Problem requirements >> Would you return, word for word, the lines of the data below from the line with "Opel Zafira Zafira" through the line with "Mattel Vintage Barbie 1960", and no others?

─── Provided records ───

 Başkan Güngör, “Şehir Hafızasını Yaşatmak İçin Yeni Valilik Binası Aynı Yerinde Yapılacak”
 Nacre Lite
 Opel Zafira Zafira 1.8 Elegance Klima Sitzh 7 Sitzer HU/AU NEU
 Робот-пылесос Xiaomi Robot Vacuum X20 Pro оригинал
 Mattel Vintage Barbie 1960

───
─── Provided records ───

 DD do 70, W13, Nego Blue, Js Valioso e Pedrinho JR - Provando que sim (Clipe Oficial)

───
─── Provided records ───

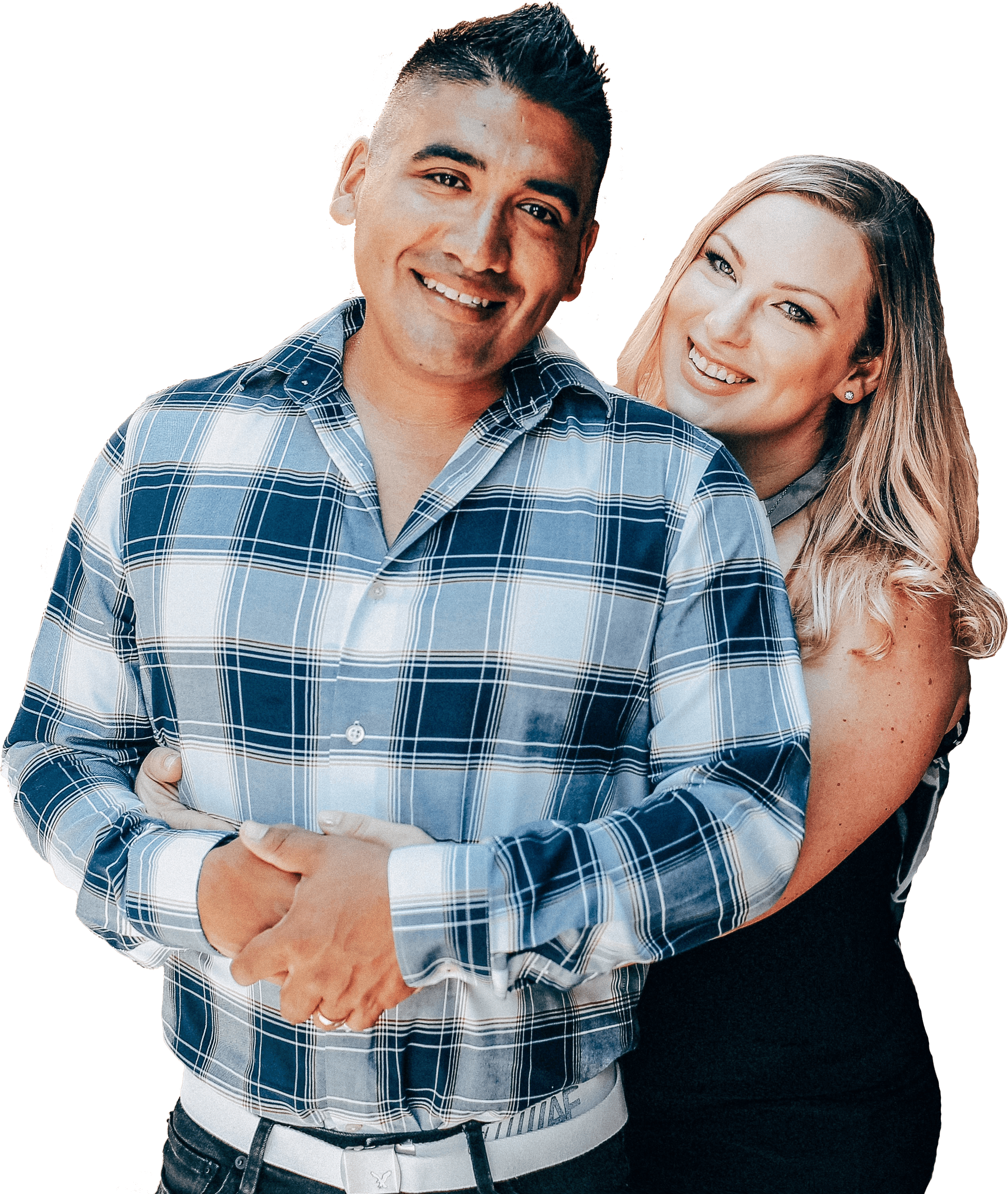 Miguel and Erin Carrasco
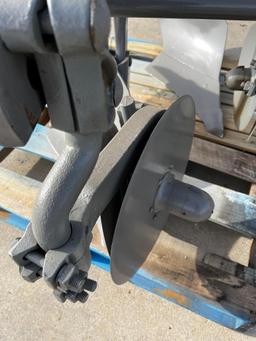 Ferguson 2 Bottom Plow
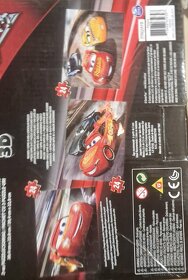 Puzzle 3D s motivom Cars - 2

───

Task result >>
 Opel Zafira Zafira 1.8 Elegance Klima Sitzh 7 Sitzer HU/AU NEU
 Робот-пылесос Xiaomi Robot Vacuum X20 Pro оригинал
 Mattel Vintage Barbie 1960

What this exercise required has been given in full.